◆ Work task
After removing every image, reproduce the data exactly as it appears.
══════
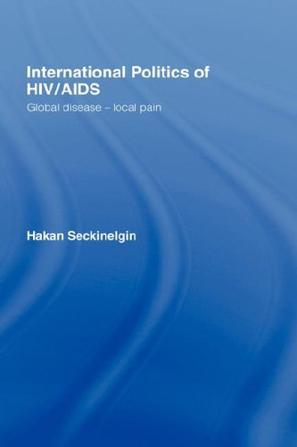 International politics of HIV/AIDS global disease - local pain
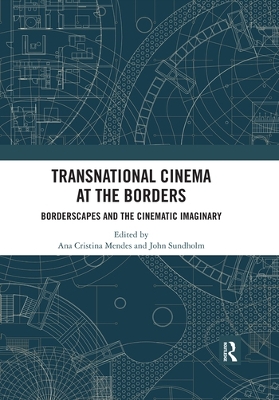 Transnational Cinema at the Borders: Borderscapes and the cinematic imaginary by Ana Cristina Mendes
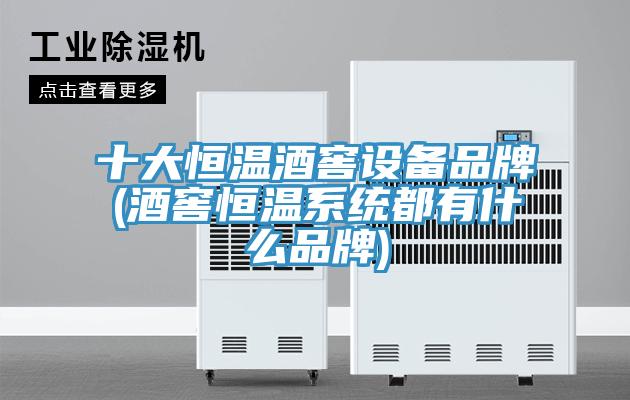 十大恒温酒窖设备品牌(酒窖恒温系统都有什么品牌)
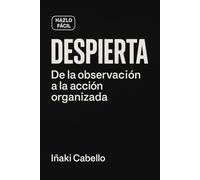 DESPIERTA: DE LA OBSERVACION A LA ACCION ORGANIZADA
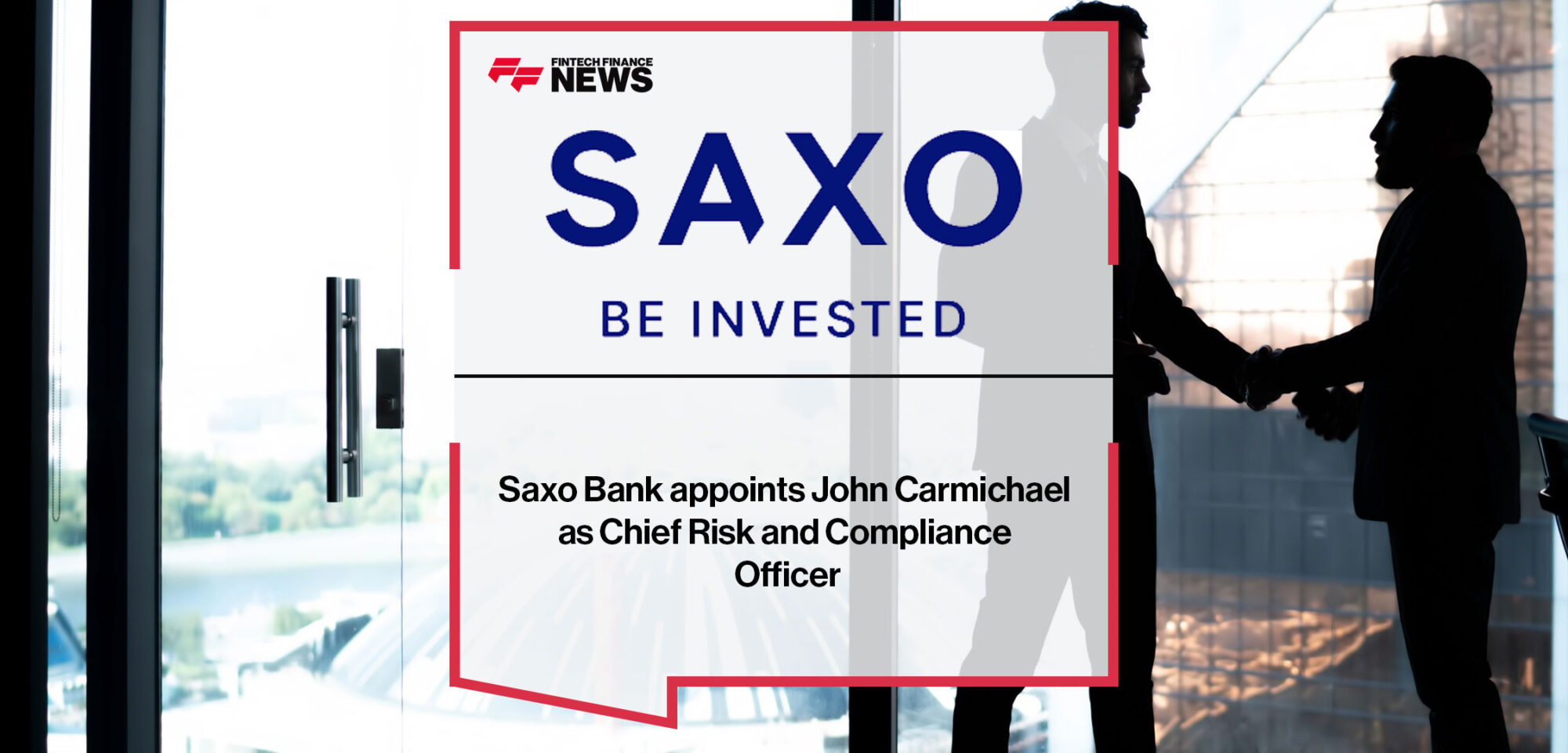 Saxo Bank appoints John Carmichael as Chief Risk and Compliance Officer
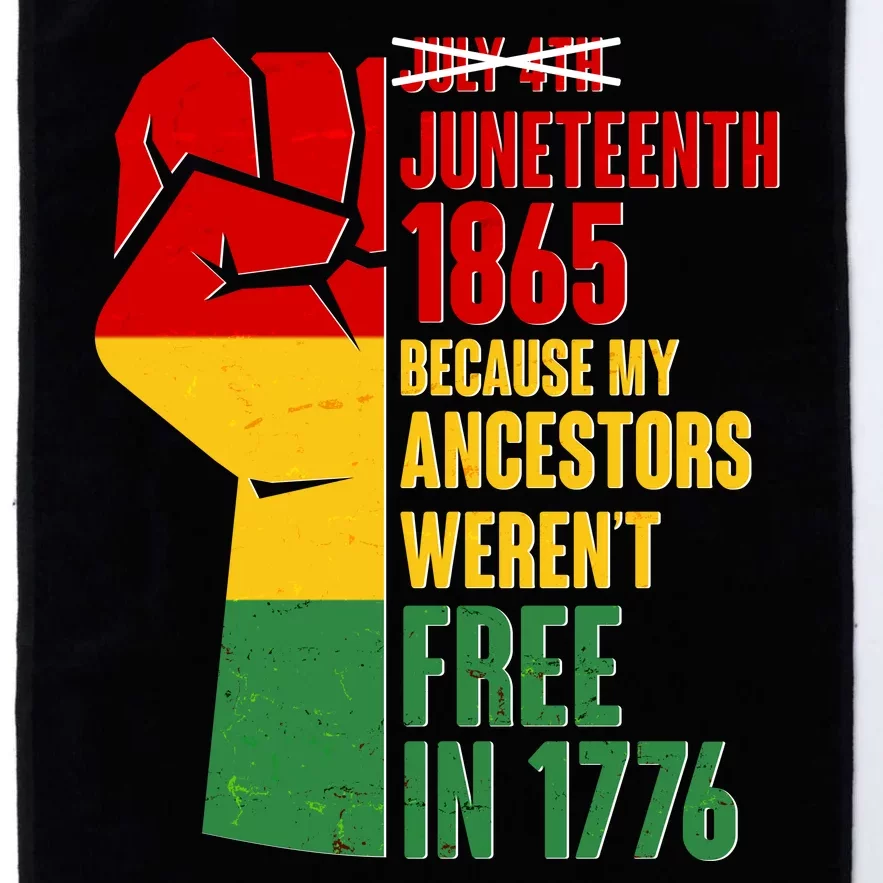 Juneteenth 1865 My Ancestors Weren't Free in 1776 Protest Fist Platinum Collection Golf Towel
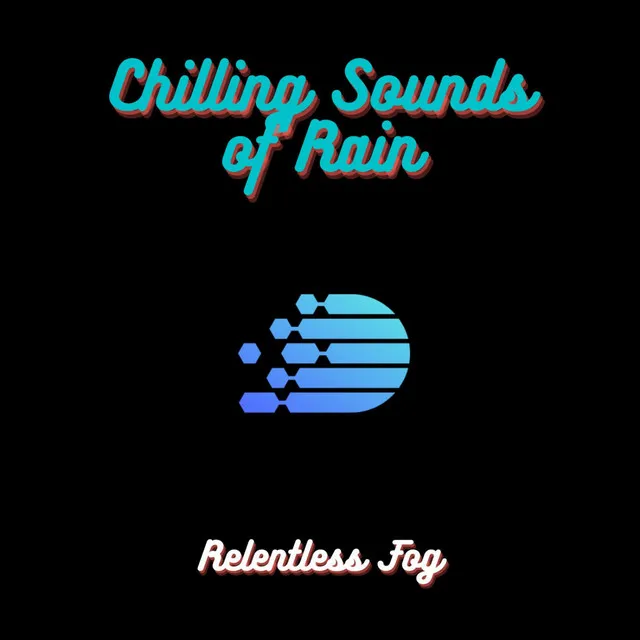 Chilling Sounds of Rain PT. 8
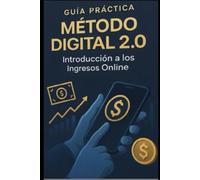 Guía Práctica: Método Digital 2.0: Introducción a los ingresos online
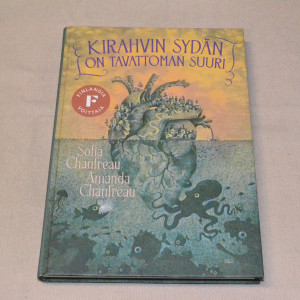 Sofia Chanfreau & Amanda Chanfreau Kirahvin sydän on tavattoman suuri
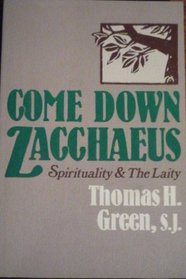 Come Down Zacchaeus: Spirituality and the Laity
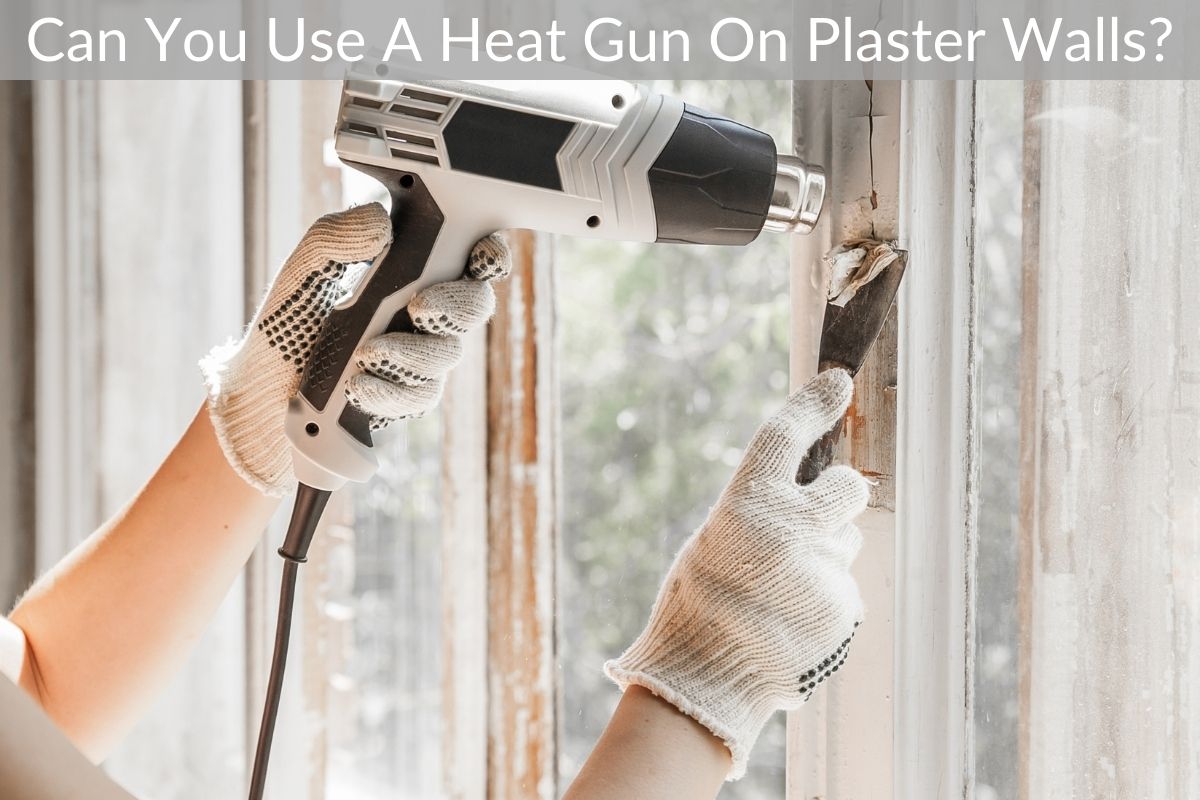 Can You Use A Heat Gun On Plaster Walls?
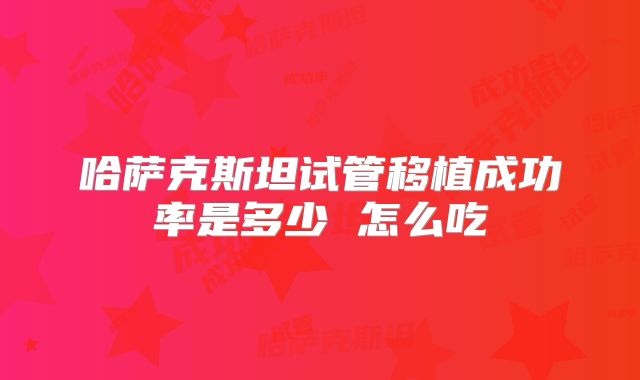 哈萨克斯坦试管移植成功率是多少 怎么吃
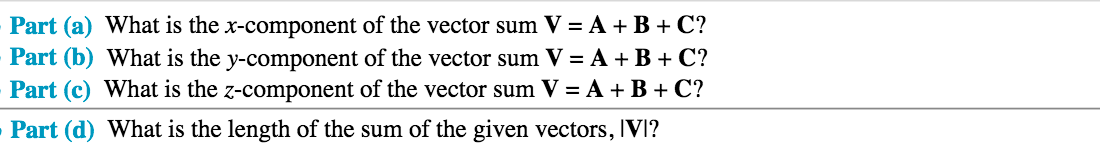 Part (a) What is the x-component of the vector sum V = A +B + C?
Part (b) What is the y-component of the vector sum V = A + B + C?
Part (c) What is the z-component of the vector sum V = A +B + C?
Part (d) What is the length of the sum of the given vectors, IVI?
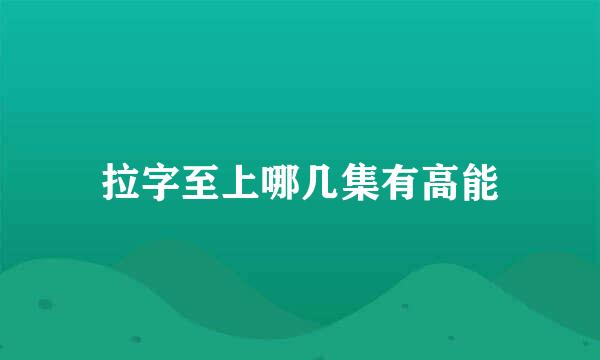拉字至上哪几集有高能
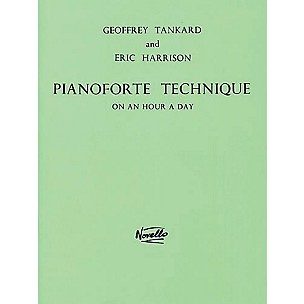 Novello Pianoforte Technique on an Hour a Day Music Sales America Series Written by Geoffrey Tankard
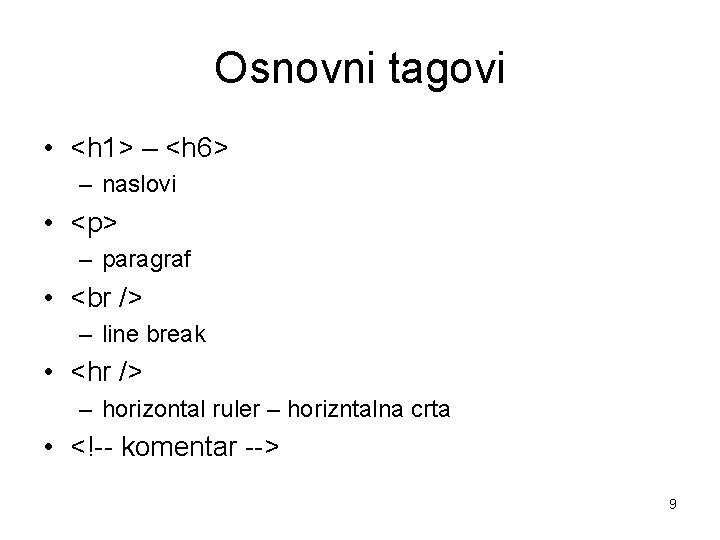 Osnovni tagovi • <h 1> – <h 6> – naslovi • <p> – paragraf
══════
◆ Your solution
 International politics of HIV/AIDS global disease - local pain
 Transnational Cinema at the Borders: Borderscapes and the cinematic imaginary by Ana Cristina Mendes
 十大恒温酒窖设备品牌(酒窖恒温系统都有什么品牌)
 DESPIERTA: DE LA OBSERVACION A LA ACCION ORGANIZADA
 Saxo Bank appoints John Carmichael as Chief Risk and Compliance Officer
 Juneteenth 1865 My Ancestors Weren't Free in 1776 Protest Fist Platinum Collection Golf Towel
 Chilling Sounds of Rain PT. 8
 Guía Práctica: Método Digital 2.0: Introducción a los ingresos online
 Sofia Chanfreau & Amanda Chanfreau Kirahvin sydän on tavattoman suuri
 Come Down Zacchaeus: Spirituality and the Laity
 Can You Use A Heat Gun On Plaster Walls?
 哈萨克斯坦试管移植成功率是多少 怎么吃
 Part (a) What is the x-component of the vector sum V = A +B + C?
Part (b) What is the y-component of the vector sum V = A + B + C?
Part (c) What is the z-component of the vector sum V = A +B + C?
Part (d) What is the length of the sum of the given vectors, IVI?
拉字至上哪几集有高能
 Novello Pianoforte Technique on an Hour a Day Music Sales America Series Written by Geoffrey Tankard
 Osnovni tagovi • <h 1> – <h 6> – naslovi • <p> – paragraf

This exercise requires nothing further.